Además, la crueldad no sólo va hacia afuera. Porque cuando la crueldad no se puede ejercer hacia afuera, o cuando fracasa, revierte sobre sí. La crueldad exige que el otro sufra para compensar sus deudas, pero cuando esa exigencia se vuelve imposible o se agota, quien se arrogaba el derecho de hacer sufrir comienza su propio sufrimiento. No quiere cancelar el sufrimiento del otro y prefiere sufrir él mismo, con un perverso goce de auto-satisfacción.

Un último punto del análisis de Nietzsche es fascinante. Es considerar que todos, el otro y yo también, cultivaremos nuestras mejores cualidades al sufrir la crueldad.
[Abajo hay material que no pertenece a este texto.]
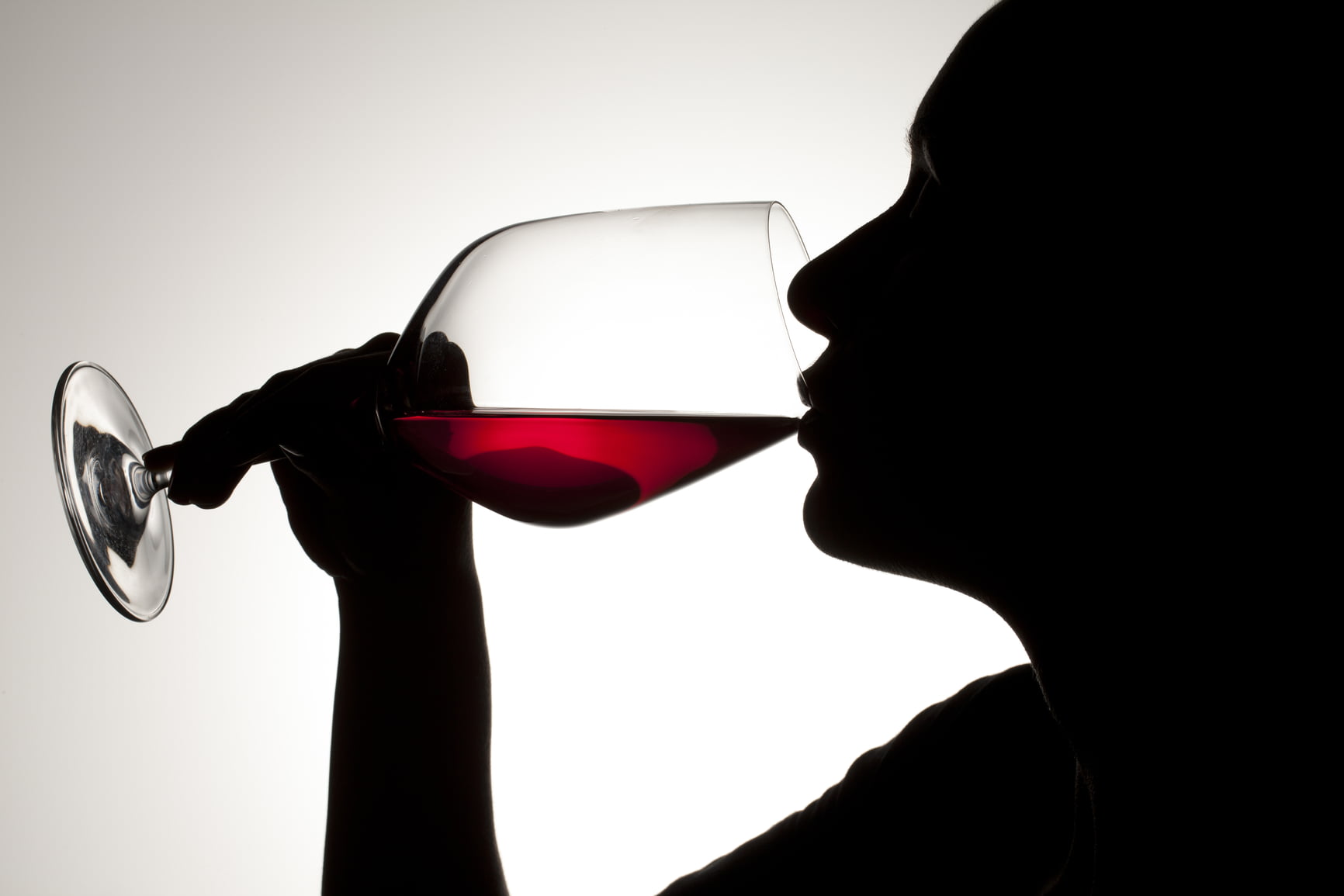silhouette of person drinking wine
Ella nos permite comprender la tragedia de la vida, para no engañarnos y para fortalecer nuestra existencia frente a ese horror. “Aprendé y sé macho, carajo”.

Compasión y ternura

Es interesante que un pensador que tempranamente Nietzsche tomó como referencia y del que luego se alejó, Schopenhauer, haya ofrecido otra alternativa: la compasión. “La maldad y la crueldad -escribe- son el sufrimiento y el dolor de otros como fin en sí y su goce al alcanzarlo. Son la potencia máxima de la maldad moral”. En cambio, el desamparo suscita en nosotros un vínculo con otros, una respuesta compasiva.

La compasión y la ternura rompen el impulso a justificar el dolor ajeno –y el regocijo en ese sufrimiento– aludiendo a algún tipo de pedagogía de la crueldad (“así van a aprender”). Ese perverso modo de estoicismo, que tantas veces atravesó nuestras instituciones, nuestras religiones, nuestros modelos educativos, y hoy está ensañándose con nuestras relaciones económicas y sociales, podría aprender notablemente de la compasión, que se hace cargo del dolor ajeno y se encarga de darle una respuesta.

Pero también de la ternura, que duplica la apuesta de la compasión y no sólo aporta un modo de empatía y proyección del mal del otro en el mío. También activamente busca, a partir de esa fragilidad compartida, enfrentar esa crueldad que goza con el sufrimiento que avanza.